Talking to brand managers, many share the view that anti-brand sentiment is generally fuelled by activists who do not fall into the brand’s core target group. In other words, they don’t really matter. Environmentalists target energy companies, anti-capitalists are at war against financial institutions and anti-globalists have the McDonald’s’ of the corporate world in their sights. This view, however, may be misleading. A study of over 450 French consumers found that 93% of respondents had absolutely no hesitation in identifying a brand they ‘absolutely hated’ (Bryson, Atwal and Dreissig 2010). These were not so-called “extremists” but regular consumers. In reality, Brand Hate™ is not an extreme, but a mainstream phenomenon. The implications are significant. If the regular customer hates your brand, what could this mean for the bottom line? The regular consumer may not react with company boycotts and anti-brand protests, but will simply opt not to purchase your brand. This is, however, just the tip of the iceberg. Negative opinions and experiences are likely to be shared with friends, co-workers and family that could lead to an anti-brand domino effect.
Different consumers hate brands for different reasons. However, if brand managers can identify the key influences of Brand Hate™, they will have a better chance of avoiding the fall-out of disengaging with existing and future customers. The following predictors of Brand Hate™ offer practitioners a practical guide to identify what drives extreme negative brand sentiment.
1. The first predictor of Brand Hate™ is customer dissatisfaction. This is not just about the actual product performance, but the holistic brand experience. Yes, we often know that feeling when talking to a call center operator or been given the cold shoulder in a high-end boutique.
2. Second, negative brand stereotypes. A negative reference group perception that also includes brand celebrity ambassadors can evoke extreme negative brand sentiment.
3. Next is brand irresponsibility. Consumers don’t expect companies to be perfect, but they expect them to be sensitive and take a responsible position in terms of environmental, social and welfare issues.
4. Finally, negative word of mouth. Consumers like to talk about their brand experiences and listen to the opinions of their peers. The Internet has become a powerful vehicle to channel brand dissent.
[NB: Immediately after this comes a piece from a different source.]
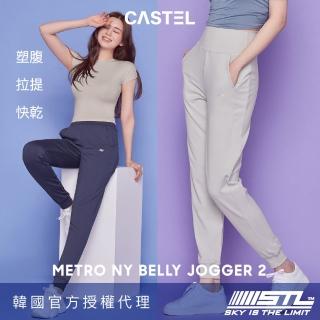 【STL】現貨 yoga 韓國 Metro NY Belly Jogger 2 女 運動 機能 束口褲 慢跑 長褲 抗菌 吸濕排汗(多色)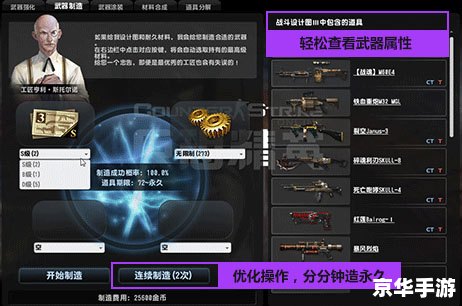 机器人S6天赋悉数登场:探秘与战斗的终极武器! 机器人S6天赋悉数登场:探秘与战斗的终极武器!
Brands will be loved and hated. And both sentiments have to be kept in mind when taking important marketing or development decisions. The decision for Christian Dior to dismiss the fashion designer John Galliano over allegations of anti-Semitic highlighted the need for luxury companies to demonstrate brand reputation. This also implies that the role of the brand is not only to guide consumers symbolically, but also to connect or align the values of the consumer with those of the brand.
The take-out is that brand managers need to build a strong reputation in order to minimize the immediate and long-term consequences of Brand Hate™. Although many brands set out to polarize, your brand does not need to suck. Au contraire.